Las cardiopatías congénitas no son un relajo; son fallas en la estructura del corazón que ya vienen con el nacimiento. Para que tengamos una idea, una revisión que incluyó más de 130 millones de nacimientos estimó que la prevalencia global es de casi 9.4 casos por cada 1,000 nacidos vivos. Esto se traduce en que, más o menos, uno de cada cien bebés nace con alguna de estas condiciones. Por eso, el llamado del doctor Suero a no dejar esto ‘pa’ después’ es tan pertinente para nuestra gente.
Lo chulo del ‘Tamiz Cardíaco’ neonatal es que es una prueba sencilla y cero invasiva. Se hace con un aparatico llamado oxímetro de pulso que mide el nivel de oxígeno en la sangre colocando sensores en la piel del bebé. El protocolo dice que esta prueba se debe hacer cuando el recién nacido ya tiene por lo menos 24 horas de vida. Si, por alguna razón, planean darle el alta antes de ese tiempo, lo ideal es que se realice lo más cerca posible del momento en que la criatura vaya a salir del centro médico.
El proceso compara la saturación de oxígeno en la mano derecha (lo que se conoce como medición preductal) con la que se obtiene en uno de los pies (medición posductal). Las directrices de la Academia Estadounidense de Pediatría, que son las que se usan de referencia, indican que un bebé pasa la prueba si su saturación es igual o mayor al 95 % tanto en la mano como en el pie, y si la diferencia entre ambas mediciones no pasa de tres puntos porcentuales. Un resultado fallido, por ejemplo, sería una saturación por debajo del 90 % en cualquiera de las extremidades.
Es vital entender que un resultado que no pase el tamiz no te confirma de una vez una cardiopatía. Baja oxigenación también puede venir de infecciones, problemas respiratorios o hipertensión pulmonar, entre otras condiciones que necesitan ser investigadas. Por esto, si el tamizaje da una señal de alerta, el pediatra tiene que evaluar al niño de inmediato y ver si necesita ser referido a cardiología pediátrica para estudios más avanzados, como un ecocardiograma o un electrocardiograma.
Aun siendo una herramienta ‘jevi’, la oximetría no detecta todas las cardiopatías congénitas. Las autoridades de salud gringas han advertido que algunos bebés con defectos cardíacos pueden pasar el tamizaje sin problemas. Por eso, esta prueba debe ir acompañada de un buen historial clínico, un examen físico completo y los controles prenatales que le toquen a la madre. Suero insistió en que las familias deben estar atentas si el bebé muestra coloración azulada en la piel, dificultad para respirar, se cansa o suda al comer, tiene palpitaciones o le cuesta subir de peso.

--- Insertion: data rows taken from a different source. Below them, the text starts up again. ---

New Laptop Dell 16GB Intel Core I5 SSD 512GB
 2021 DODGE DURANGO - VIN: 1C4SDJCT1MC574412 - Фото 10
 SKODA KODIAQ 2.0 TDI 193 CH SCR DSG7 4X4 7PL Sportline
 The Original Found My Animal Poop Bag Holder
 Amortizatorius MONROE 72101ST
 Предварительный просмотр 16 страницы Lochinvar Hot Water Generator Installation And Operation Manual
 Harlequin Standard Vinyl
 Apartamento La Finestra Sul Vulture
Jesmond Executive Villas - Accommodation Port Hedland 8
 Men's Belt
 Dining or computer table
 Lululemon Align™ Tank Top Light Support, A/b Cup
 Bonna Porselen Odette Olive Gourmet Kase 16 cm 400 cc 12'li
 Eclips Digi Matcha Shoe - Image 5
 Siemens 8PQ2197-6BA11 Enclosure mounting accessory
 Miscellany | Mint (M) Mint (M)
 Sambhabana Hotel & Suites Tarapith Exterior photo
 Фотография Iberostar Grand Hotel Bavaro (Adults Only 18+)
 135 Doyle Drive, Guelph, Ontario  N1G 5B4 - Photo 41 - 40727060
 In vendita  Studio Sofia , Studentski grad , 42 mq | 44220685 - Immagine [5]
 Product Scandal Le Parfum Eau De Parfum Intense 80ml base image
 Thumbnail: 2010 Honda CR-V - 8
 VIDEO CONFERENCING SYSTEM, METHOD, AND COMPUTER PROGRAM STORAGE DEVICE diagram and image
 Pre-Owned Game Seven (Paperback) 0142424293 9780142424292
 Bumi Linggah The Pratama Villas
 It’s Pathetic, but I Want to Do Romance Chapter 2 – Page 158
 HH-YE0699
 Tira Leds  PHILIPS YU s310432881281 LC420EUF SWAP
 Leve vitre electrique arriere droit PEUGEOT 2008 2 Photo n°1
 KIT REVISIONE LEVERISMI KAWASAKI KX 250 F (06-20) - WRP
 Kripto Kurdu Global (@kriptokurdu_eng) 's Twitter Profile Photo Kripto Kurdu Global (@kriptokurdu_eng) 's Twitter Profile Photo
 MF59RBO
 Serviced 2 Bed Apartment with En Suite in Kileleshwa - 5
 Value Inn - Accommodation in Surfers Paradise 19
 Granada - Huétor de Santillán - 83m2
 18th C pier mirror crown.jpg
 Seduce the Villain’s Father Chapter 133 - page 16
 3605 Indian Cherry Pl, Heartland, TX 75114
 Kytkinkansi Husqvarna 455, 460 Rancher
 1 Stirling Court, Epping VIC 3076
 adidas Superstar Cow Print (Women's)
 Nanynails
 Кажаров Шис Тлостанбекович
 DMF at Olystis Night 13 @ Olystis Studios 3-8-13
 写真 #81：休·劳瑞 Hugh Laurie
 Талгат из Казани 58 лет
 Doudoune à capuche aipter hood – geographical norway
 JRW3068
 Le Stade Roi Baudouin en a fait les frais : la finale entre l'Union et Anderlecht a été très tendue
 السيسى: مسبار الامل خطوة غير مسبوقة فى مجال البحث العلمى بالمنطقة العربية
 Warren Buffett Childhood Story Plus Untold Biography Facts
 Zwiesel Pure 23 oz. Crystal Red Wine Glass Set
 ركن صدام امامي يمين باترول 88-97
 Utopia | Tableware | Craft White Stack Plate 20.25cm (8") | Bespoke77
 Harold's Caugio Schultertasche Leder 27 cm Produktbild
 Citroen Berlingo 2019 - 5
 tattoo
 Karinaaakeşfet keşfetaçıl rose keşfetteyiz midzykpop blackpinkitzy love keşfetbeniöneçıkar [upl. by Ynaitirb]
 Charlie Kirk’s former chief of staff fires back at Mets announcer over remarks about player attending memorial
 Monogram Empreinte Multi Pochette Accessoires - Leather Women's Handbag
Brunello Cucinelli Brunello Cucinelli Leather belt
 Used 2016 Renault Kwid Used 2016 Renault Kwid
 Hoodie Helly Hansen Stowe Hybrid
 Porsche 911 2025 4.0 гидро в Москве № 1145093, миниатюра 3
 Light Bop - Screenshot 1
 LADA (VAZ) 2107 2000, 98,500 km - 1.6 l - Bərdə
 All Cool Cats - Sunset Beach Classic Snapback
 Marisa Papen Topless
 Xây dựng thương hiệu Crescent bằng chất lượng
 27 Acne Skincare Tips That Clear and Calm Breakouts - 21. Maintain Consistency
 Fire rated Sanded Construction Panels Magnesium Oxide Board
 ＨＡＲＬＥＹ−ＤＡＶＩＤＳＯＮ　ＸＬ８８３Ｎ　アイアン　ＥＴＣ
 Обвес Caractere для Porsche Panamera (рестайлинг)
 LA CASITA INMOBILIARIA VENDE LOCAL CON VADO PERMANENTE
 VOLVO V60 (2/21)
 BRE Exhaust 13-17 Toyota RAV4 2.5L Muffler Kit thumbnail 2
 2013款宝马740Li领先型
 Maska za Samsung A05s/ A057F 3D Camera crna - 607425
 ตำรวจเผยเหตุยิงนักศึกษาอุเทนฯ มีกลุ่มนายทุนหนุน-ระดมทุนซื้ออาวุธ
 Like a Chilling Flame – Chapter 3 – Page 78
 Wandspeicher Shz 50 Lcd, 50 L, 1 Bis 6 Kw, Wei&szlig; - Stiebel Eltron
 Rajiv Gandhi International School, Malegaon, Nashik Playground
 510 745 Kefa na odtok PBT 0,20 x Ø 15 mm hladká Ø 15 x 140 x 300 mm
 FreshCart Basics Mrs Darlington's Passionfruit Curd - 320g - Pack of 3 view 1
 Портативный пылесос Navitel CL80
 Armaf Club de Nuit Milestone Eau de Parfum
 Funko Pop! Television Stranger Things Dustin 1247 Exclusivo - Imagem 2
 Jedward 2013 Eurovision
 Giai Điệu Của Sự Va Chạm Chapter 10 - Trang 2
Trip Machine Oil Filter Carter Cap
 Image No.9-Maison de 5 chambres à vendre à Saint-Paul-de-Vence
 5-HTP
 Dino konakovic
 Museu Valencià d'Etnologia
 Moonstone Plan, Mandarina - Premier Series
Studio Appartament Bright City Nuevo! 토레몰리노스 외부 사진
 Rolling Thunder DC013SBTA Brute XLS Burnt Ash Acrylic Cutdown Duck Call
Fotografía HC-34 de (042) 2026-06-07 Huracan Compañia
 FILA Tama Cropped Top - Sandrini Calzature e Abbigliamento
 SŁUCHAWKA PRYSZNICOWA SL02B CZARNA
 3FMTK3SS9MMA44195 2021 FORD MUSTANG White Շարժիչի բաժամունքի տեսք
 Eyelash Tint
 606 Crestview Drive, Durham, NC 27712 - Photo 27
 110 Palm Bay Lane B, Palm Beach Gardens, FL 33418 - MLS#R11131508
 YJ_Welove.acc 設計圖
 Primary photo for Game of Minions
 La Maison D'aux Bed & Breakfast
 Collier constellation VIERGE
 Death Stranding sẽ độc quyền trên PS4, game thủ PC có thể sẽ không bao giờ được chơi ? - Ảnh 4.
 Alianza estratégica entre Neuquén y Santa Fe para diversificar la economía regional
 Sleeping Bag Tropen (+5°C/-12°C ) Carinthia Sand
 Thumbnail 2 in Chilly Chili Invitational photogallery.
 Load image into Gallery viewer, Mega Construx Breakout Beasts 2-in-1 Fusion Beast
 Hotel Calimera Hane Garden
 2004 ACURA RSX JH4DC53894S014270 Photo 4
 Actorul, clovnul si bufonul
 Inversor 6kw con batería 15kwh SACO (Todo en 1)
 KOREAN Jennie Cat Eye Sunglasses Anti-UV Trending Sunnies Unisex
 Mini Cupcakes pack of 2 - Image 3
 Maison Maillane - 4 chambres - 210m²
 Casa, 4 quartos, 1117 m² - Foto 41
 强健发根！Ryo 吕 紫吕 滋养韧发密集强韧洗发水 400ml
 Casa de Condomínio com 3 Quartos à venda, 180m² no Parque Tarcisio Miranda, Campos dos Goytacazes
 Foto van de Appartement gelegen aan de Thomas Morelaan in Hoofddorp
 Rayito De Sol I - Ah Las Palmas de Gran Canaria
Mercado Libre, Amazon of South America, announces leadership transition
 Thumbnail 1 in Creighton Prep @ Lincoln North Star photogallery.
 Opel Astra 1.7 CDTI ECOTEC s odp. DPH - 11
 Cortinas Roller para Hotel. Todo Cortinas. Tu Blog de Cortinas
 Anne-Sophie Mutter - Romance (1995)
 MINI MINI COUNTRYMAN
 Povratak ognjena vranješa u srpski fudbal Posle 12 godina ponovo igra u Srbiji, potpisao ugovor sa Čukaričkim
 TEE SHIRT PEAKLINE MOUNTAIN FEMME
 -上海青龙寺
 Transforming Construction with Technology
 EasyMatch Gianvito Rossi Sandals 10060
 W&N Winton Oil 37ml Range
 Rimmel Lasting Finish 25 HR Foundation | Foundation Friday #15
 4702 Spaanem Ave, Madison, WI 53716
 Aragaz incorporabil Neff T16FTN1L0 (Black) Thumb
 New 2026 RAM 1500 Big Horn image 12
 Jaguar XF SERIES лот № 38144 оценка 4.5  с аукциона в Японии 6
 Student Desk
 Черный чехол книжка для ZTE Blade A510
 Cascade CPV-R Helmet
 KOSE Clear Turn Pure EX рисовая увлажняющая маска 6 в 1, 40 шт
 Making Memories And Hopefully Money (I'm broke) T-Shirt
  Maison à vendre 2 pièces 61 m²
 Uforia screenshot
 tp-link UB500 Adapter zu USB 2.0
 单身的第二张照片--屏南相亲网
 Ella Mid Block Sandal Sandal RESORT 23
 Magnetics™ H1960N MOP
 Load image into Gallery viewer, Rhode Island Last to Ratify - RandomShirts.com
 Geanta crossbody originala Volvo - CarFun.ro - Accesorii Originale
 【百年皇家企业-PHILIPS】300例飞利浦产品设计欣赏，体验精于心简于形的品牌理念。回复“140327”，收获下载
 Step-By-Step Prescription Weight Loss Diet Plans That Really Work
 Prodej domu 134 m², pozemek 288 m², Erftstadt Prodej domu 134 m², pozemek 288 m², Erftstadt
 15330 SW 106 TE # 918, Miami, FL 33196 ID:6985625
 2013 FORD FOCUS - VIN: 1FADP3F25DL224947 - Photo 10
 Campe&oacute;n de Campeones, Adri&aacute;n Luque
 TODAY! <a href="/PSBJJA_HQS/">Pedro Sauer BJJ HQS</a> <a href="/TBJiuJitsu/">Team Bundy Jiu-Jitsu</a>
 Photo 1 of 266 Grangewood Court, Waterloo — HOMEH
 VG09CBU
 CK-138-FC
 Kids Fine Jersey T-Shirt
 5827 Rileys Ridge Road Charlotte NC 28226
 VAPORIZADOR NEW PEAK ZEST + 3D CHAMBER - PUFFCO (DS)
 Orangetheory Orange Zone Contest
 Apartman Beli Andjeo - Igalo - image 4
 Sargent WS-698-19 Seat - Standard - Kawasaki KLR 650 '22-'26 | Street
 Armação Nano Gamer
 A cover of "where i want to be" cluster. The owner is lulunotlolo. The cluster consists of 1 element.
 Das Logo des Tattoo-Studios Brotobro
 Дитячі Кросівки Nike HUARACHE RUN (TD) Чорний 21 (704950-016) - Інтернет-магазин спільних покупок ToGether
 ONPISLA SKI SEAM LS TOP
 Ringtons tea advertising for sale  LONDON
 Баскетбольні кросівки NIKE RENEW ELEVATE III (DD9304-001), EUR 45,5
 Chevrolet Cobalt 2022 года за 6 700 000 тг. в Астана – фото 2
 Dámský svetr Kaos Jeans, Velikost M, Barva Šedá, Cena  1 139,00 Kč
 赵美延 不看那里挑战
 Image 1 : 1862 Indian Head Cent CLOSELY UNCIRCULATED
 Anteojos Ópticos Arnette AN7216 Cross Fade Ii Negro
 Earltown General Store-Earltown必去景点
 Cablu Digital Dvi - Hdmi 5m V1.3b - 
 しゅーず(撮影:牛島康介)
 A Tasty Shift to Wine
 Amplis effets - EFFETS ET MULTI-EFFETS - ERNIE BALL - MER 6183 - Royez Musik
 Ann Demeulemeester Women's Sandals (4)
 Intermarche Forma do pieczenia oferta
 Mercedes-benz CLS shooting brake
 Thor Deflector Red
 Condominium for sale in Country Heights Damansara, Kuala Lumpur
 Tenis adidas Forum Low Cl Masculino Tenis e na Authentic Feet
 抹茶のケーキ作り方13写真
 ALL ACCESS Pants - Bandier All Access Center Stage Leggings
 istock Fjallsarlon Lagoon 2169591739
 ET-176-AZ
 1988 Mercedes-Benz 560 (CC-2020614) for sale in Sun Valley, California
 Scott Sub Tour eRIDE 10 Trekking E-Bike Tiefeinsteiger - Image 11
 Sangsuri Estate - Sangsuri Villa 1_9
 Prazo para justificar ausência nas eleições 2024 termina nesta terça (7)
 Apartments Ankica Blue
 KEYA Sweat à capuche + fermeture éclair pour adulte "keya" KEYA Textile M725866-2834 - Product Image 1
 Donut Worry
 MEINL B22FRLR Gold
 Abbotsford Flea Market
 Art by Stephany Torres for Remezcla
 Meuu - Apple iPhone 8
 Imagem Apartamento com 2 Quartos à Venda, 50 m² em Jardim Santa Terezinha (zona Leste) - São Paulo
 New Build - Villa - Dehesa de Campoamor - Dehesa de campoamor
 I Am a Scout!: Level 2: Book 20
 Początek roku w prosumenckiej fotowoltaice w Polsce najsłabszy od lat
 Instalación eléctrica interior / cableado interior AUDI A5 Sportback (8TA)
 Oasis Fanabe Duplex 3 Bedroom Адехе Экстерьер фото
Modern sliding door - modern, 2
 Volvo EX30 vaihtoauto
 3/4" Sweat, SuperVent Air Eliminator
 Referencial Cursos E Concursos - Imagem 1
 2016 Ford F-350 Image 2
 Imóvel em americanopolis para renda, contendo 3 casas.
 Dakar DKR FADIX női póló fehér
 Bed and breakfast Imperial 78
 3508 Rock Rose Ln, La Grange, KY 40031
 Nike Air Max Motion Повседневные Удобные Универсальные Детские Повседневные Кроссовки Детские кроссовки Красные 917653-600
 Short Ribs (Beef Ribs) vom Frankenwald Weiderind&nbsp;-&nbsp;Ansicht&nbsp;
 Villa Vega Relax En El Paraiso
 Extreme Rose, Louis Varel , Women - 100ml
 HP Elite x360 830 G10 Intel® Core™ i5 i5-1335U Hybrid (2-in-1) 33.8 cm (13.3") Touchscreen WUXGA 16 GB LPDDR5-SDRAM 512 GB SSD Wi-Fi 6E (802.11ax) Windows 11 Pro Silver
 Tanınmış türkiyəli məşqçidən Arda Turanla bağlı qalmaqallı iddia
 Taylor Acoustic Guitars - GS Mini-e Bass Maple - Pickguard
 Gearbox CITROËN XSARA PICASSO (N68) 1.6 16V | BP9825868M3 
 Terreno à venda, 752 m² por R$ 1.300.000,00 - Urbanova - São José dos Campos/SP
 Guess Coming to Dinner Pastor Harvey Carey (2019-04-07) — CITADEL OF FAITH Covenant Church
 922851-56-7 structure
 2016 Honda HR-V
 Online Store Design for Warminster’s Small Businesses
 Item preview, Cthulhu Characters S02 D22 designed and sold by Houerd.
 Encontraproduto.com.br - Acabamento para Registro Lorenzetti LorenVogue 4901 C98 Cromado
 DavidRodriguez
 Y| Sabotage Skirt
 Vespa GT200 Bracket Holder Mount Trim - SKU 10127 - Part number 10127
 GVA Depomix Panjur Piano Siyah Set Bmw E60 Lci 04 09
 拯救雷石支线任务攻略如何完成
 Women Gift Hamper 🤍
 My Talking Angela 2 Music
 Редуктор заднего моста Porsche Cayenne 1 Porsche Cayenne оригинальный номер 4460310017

La detección temprana es la clave, porque permite que se planifique el tratamiento antes de que se presente una emergencia, evitando que la familia se lleve un susto ‘de los feos’. Los Centros para el Control y la Prevención de Enfermedades han dicho que uno de cada cuatro bebés que nacen con una anomalía cardíaca tiene una cardiopatía congénita crítica que, a menudo, necesita cirugía u otro procedimiento durante el primer año de vida. Así que ya saben, esta ‘vaina’ del tamiz es más que una prueba; es una oportunidad de oro para nuestros angelitos.